**Try it:**
Within the records, find every line that includes the word "Toyota" and copy it.

------ Provided records ------

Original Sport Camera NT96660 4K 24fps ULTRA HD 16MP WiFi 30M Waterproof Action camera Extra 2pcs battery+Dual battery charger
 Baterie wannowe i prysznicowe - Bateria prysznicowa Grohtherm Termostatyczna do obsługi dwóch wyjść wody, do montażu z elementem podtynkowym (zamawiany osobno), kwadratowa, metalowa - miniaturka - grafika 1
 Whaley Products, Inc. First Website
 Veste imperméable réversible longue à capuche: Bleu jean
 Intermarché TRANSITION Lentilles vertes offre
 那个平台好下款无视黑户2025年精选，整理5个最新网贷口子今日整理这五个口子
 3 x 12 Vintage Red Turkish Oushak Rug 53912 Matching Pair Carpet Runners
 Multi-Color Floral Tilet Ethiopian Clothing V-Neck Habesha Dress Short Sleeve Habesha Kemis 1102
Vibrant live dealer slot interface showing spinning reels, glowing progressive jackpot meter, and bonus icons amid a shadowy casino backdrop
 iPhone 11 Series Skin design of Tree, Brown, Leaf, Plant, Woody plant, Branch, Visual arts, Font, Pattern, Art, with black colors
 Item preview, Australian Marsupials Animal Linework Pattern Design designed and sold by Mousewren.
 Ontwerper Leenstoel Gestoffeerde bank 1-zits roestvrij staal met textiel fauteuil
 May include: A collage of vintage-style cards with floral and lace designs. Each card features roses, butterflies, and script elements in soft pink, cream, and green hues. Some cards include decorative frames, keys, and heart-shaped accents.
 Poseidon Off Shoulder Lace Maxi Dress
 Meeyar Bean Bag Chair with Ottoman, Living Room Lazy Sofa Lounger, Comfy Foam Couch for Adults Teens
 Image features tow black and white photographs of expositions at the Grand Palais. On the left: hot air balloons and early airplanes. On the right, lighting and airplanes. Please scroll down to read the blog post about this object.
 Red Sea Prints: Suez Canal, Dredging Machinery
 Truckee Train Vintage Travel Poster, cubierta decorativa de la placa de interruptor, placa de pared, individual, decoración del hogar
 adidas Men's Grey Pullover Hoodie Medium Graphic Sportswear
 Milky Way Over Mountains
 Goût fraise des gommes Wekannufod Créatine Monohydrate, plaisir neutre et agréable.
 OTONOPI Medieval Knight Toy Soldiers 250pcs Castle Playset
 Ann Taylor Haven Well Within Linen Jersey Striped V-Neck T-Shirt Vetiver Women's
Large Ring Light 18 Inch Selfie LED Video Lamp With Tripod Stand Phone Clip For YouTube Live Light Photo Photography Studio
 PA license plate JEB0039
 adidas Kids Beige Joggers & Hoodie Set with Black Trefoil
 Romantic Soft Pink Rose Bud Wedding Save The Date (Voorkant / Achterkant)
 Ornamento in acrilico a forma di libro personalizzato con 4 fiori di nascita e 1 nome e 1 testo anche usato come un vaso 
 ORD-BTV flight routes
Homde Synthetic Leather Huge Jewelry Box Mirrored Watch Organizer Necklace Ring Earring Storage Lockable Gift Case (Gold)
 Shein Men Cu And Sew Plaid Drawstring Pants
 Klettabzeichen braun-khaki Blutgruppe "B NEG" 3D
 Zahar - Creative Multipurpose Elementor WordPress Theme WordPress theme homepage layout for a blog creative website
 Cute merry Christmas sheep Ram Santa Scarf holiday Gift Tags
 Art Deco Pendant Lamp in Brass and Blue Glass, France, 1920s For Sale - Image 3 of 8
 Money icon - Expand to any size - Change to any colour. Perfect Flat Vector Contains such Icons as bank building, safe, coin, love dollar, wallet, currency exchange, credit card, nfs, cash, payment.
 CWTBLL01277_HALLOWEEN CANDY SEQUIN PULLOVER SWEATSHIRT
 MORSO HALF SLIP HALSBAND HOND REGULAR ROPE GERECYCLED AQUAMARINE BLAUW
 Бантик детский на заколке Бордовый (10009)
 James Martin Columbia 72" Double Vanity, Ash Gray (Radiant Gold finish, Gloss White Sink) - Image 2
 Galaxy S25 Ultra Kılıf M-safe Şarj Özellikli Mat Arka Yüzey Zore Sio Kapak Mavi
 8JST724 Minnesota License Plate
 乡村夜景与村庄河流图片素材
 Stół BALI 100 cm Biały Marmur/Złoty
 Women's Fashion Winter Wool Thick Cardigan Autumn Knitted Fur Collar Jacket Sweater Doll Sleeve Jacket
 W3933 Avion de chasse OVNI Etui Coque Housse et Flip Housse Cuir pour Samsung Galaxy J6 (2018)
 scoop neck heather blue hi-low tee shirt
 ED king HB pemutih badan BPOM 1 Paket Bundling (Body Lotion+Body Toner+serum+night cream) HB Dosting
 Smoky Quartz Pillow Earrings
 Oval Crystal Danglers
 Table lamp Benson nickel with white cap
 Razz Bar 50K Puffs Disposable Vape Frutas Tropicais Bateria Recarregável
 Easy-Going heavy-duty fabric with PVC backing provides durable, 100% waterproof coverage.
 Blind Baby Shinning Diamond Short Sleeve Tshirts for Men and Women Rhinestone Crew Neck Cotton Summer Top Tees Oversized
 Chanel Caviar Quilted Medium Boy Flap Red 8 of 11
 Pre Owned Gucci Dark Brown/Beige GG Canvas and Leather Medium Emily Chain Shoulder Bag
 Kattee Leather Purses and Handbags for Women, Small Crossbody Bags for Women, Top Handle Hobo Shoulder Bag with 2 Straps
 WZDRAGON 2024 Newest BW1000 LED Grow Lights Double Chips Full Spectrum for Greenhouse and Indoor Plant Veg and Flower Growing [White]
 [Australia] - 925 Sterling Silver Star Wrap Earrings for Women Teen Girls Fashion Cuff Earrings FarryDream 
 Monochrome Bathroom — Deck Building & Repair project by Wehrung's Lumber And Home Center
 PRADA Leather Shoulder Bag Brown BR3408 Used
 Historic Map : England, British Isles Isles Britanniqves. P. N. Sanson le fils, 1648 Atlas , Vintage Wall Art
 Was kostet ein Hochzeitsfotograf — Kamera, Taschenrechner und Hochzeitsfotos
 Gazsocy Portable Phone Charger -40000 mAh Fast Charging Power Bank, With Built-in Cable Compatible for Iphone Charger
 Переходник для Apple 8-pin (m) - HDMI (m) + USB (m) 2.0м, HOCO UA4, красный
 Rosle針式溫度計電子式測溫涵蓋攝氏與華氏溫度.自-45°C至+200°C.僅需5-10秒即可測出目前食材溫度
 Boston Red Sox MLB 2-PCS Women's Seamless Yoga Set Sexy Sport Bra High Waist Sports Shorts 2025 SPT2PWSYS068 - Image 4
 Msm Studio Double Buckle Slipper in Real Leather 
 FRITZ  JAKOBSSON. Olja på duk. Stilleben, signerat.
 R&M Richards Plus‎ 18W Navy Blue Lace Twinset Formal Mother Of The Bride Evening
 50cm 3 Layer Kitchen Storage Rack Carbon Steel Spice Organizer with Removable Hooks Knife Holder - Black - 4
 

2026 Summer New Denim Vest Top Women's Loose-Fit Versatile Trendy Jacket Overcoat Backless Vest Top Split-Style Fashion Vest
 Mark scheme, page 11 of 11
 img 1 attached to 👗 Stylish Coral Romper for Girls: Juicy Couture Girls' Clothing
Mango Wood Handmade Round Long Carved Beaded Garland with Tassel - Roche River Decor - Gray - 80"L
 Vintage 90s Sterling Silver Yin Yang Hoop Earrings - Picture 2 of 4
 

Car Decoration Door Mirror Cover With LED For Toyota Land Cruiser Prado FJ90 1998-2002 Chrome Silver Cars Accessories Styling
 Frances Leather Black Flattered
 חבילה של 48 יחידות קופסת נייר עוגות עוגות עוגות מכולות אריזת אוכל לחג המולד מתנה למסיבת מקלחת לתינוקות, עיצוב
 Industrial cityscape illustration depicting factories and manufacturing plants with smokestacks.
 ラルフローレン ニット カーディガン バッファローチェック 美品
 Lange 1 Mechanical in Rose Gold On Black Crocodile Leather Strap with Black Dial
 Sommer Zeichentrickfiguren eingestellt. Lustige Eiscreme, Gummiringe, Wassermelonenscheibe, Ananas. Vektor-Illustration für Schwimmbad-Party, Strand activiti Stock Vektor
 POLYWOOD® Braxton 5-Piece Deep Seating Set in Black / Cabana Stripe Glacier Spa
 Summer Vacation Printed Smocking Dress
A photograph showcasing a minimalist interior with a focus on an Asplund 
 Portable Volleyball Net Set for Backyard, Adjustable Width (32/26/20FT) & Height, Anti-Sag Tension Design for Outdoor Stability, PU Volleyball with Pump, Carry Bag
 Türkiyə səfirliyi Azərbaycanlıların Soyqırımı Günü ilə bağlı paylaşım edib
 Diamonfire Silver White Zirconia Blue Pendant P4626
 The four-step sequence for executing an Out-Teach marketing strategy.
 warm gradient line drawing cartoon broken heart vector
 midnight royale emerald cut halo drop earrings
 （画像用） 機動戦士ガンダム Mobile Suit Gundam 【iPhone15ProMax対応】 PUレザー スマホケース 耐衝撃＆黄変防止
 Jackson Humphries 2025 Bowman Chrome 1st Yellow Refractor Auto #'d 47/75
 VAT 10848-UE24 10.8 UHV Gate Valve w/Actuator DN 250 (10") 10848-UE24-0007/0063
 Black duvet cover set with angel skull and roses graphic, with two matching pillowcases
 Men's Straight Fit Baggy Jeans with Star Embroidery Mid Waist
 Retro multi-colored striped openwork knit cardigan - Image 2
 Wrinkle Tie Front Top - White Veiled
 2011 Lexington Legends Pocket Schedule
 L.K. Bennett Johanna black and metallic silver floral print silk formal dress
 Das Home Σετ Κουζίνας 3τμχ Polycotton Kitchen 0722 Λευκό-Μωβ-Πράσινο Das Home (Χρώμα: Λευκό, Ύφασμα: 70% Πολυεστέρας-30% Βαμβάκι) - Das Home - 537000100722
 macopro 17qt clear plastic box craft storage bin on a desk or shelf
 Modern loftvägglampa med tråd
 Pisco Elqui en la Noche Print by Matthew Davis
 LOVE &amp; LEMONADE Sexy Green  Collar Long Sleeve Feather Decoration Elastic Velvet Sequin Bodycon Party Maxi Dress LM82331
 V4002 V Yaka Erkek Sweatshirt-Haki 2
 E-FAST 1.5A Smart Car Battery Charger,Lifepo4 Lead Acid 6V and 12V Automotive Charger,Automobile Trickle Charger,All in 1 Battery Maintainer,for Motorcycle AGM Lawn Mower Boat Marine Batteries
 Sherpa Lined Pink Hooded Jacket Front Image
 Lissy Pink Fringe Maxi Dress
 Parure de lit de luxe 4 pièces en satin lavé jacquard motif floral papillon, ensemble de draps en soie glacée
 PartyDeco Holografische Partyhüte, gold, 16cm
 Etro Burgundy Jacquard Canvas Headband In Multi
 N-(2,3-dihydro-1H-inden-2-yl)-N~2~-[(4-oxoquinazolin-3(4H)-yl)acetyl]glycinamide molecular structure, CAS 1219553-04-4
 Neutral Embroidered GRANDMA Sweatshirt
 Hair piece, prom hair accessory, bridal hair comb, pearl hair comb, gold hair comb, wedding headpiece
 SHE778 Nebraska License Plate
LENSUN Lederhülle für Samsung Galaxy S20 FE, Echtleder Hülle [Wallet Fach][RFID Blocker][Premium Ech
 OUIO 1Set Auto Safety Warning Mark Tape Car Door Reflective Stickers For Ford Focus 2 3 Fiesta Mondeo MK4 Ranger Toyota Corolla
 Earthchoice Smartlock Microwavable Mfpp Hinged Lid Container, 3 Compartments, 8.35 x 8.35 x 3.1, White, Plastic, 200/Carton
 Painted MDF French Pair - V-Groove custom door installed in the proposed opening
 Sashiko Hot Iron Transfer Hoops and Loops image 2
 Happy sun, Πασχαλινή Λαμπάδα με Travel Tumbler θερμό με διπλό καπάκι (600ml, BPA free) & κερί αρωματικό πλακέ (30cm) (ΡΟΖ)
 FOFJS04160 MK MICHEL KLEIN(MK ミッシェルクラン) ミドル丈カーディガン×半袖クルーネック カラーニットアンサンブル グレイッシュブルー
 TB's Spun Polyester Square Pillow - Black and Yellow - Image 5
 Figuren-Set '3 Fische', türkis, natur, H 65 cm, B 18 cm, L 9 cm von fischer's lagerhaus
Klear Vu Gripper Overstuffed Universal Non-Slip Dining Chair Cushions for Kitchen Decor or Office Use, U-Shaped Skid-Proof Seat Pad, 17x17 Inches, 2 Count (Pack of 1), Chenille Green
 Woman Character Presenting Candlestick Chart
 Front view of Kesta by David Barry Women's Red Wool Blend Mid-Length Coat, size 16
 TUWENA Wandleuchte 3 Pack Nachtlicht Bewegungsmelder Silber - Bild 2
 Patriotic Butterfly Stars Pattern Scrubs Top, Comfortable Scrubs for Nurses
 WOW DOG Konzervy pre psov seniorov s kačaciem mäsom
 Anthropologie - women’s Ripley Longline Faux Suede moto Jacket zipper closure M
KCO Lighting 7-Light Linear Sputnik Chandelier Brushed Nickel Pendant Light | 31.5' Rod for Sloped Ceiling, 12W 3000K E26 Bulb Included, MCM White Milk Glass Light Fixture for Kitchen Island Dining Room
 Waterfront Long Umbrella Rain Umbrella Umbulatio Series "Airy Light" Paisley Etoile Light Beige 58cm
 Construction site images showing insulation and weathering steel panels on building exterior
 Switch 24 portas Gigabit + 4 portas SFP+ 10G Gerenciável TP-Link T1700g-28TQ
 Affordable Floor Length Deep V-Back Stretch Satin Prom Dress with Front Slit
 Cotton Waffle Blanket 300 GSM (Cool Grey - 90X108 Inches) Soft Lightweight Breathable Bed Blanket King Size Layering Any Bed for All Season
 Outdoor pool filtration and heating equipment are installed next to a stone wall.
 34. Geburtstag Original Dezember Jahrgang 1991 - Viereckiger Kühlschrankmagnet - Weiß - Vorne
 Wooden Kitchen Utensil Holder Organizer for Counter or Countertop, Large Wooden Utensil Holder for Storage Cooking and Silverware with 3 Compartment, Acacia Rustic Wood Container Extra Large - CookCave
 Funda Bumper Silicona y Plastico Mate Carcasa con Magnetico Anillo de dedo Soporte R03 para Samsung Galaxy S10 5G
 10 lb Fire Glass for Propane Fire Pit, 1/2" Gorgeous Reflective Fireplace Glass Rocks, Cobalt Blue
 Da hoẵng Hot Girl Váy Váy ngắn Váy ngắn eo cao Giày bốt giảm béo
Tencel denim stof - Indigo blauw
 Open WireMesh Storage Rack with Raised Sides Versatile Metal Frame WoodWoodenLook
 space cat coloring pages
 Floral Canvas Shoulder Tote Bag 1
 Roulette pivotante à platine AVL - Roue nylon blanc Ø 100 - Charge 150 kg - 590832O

------

**Answer to the exercise:**
Car Decoration Door Mirror Cover With LED For Toyota Land Cruiser Prado FJ90 1998-2002 Chrome Silver Cars Accessories Styling
 OUIO 1Set Auto Safety Warning Mark Tape Car Door Reflective Stickers For Ford Focus 2 3 Fiesta Mondeo MK4 Ranger Toyota Corolla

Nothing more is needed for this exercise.